Крайне интересно и поучительно рассмотреть возможности и результаты совмещения усилий двух смежных дисциплин: истории искусства и филологии, к которым добавляемся и такая почтенная наука, как собственно литературоведение, представляющее собой в сфере языка точный эквивалент того, что принято называть искусствоведением. Как это можно совместить и что это совмещение может дать полезного? Попробуем ответить на этот вопрос с помощью современной исследовательницы Рут Уэбб, не так давно опубликовавшей, на наш взгляд, эпохальную статью, посвященную жанру архитектурного экфрасиса, причем в его христианском, а конкретнее – византийском, изводе[745]
.Сразу отметим, что главный урок данного текста заключается в том, что уже нами отчасти отмечалось в связи с вышерассмотренными подходами как иконографического, так и археологического свойства. Словесный текст не может рассматриваться как прямой и незамутненный источник смысла, который в архитектуре скрывается, а в литературе – раскрывается. Литература – просто иной уровень или способ подачи смысла, который равным образом не принадлежит ни словесности, ни зодчеству, а имеет иной источник, о котором мы и постараемся сейчас поговорить, обратившись к анализу самой практики говорения, то есть ведения речи по поводу архитектуры, но не только об архитектуре.

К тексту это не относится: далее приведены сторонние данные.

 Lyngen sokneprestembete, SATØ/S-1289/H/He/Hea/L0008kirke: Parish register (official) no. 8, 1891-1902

По-другому всю проблематику можно выразить следующим образом: как сопрягаются два вида топосов – вербальный и визуальный, – и что таит в себе это сопряжение, возможно ли вообще соединение столь непохожих «мест»?

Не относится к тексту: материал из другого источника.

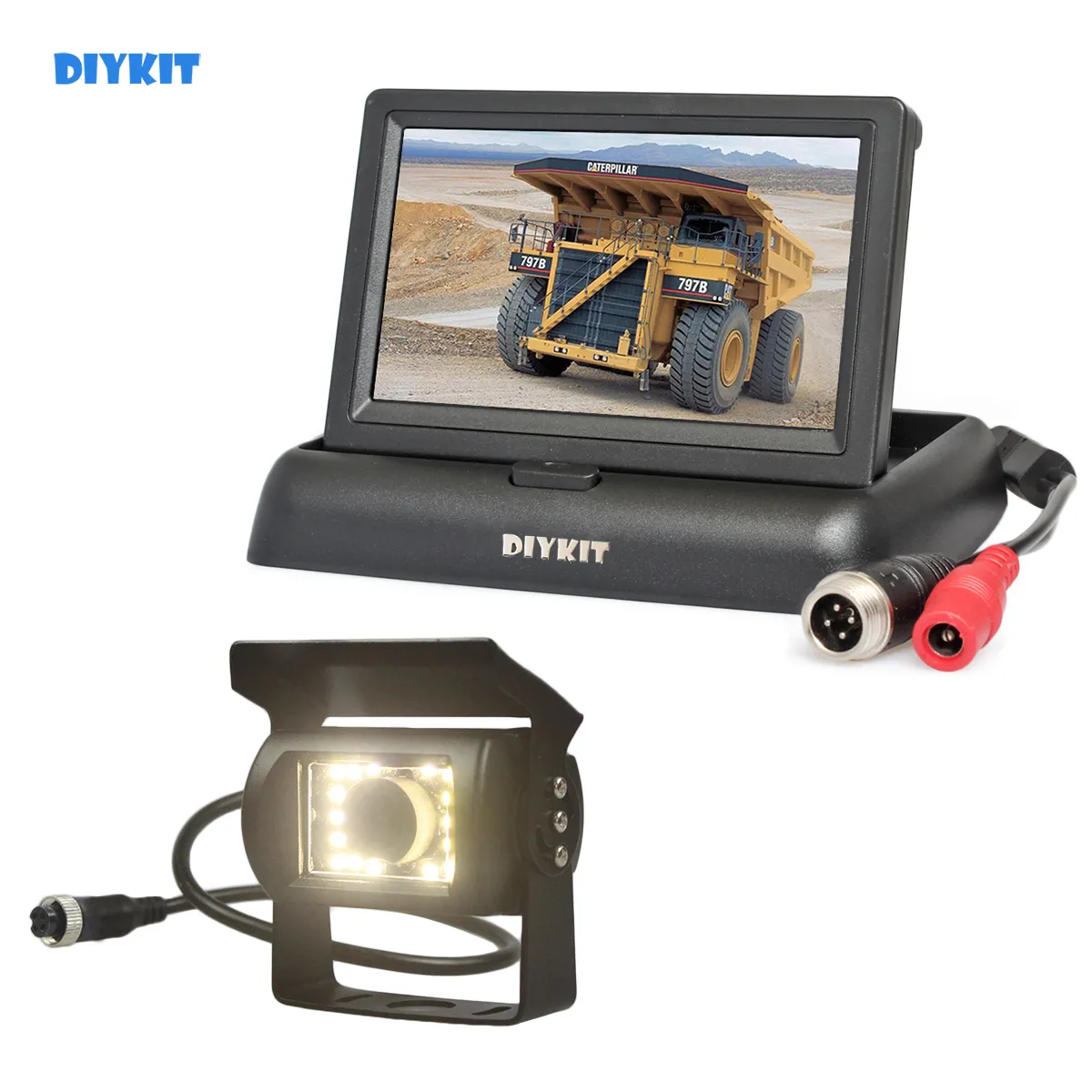 DIYKIT DC12V-24V 4.3インリバースリアビューカーモニター防水CCD LEDナイトビジョンバストラックカメラ無料車充電器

С этого и начинается текст самой Рут Уэбб – с напоминания, что столь характерные ламентации византийских авторов по поводу сложности их задачи – это не только общее место риторической традиции: «До какой степени возможно изобразить материальный объект в таком нематериальном, интеллигибельном материале-посреднике (medium), как язык? Как можно изобразить [описать] какой-либо статичный трехмерный объект в материале, который раскрывается во времени? Как может человек изобразить в словах целостность визуального опыта – бесконечное разнообразие цвета, глубину пространства, фактуру, свет и тень, открывающиеся зрителю при лицезрении даже простейших предметов?»[746]
Итак, главное слово произнесено: слово – это посредник,
В любом случае, как справедливо и с самого начала указывает автор статьи, было бы иллюзией рассматривать эти комментарии как источники объективной информации, позволяющей реконструировать описываемое сооружение (это, конечно же, особенно насущно в случае с полностью утраченной Церковью Святых Апостолов). Если экфрасис и зеркало реконструируемых реалий, то зеркало искажающее, исключающее объективное описание хотя бы потому, что существует отбор деталей, вообще (добавим мы) избирательность самого восприятия. Но это не уменьшает, а только меняет информативность экфрасиса: в этих зеркалах отражается не столько сам предмет описания, сколько их автор, его отношение к материалу, его способ подачи (репрезентации) материала, часто выражая косвенным образом скрытые аспекты памятника, «не всегда материальные»[748]
. Другими словами, перед нами источники не столько историко-художественного, сколько именно эстетического порядка, что, несомненно, только увеличивает их познавательную ценность.